_Work instructions_: Every line below needs to be printed again exactly, without any of its pictures.

_Stored data_:

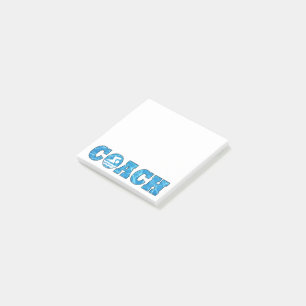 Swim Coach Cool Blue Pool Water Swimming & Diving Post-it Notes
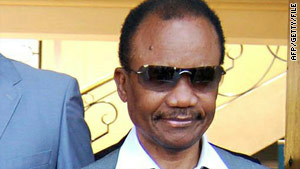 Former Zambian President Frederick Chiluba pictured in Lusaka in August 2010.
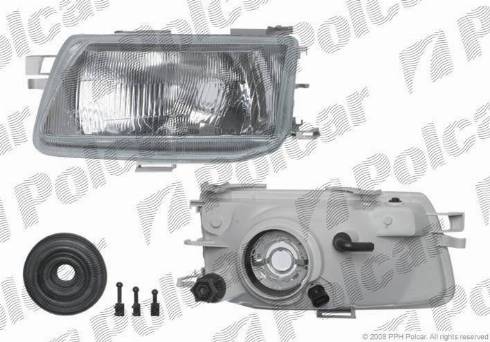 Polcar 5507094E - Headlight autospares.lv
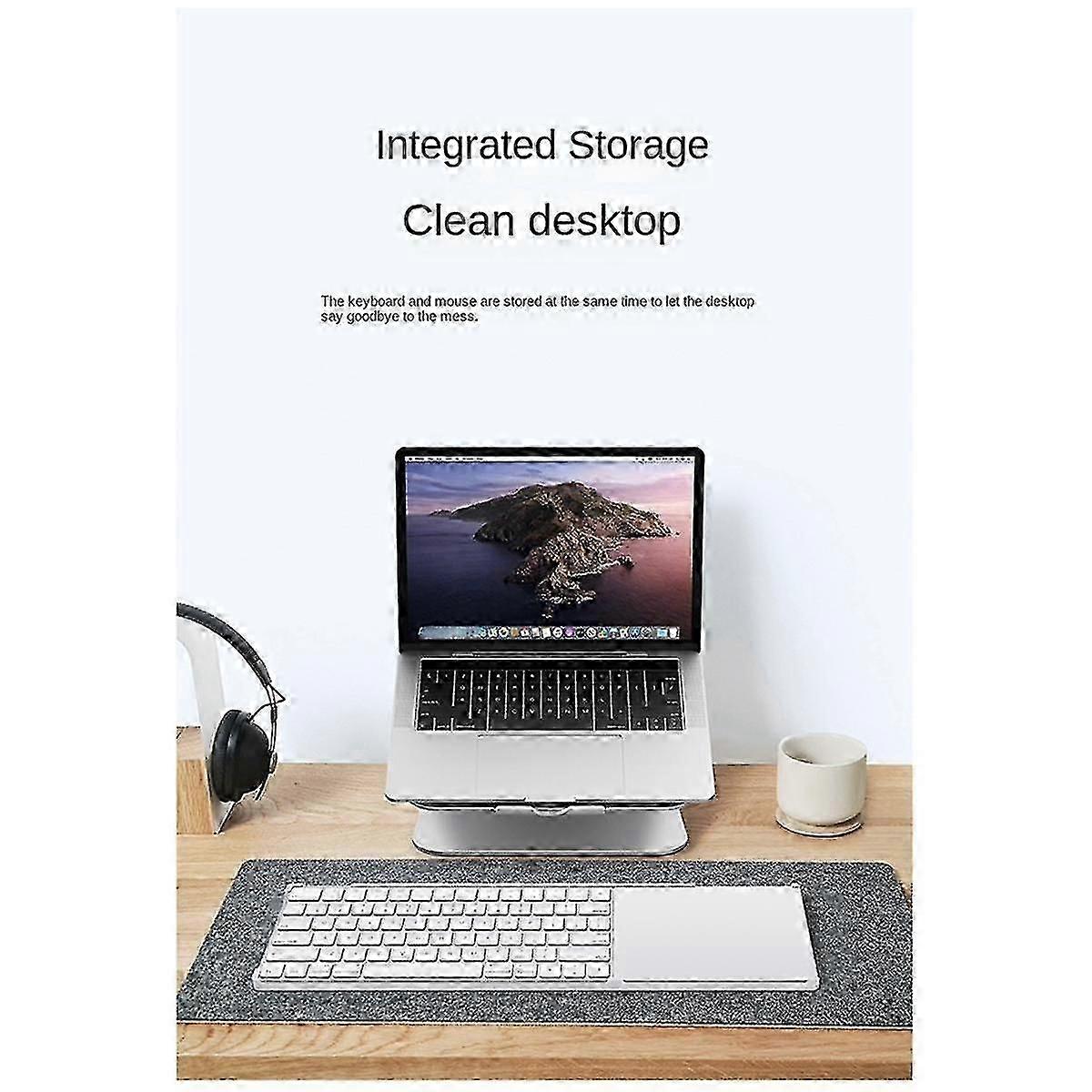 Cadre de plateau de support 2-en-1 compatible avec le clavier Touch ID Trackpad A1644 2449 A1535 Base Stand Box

_Exercise solution_:
 Swim Coach Cool Blue Pool Water Swimming & Diving Post-it Notes
 Former Zambian President Frederick Chiluba pictured in Lusaka in August 2010.
 Polcar 5507094E - Headlight autospares.lv
 Cadre de plateau de support 2-en-1 compatible avec le clavier Touch ID Trackpad A1644 2449 A1535 Base Stand Box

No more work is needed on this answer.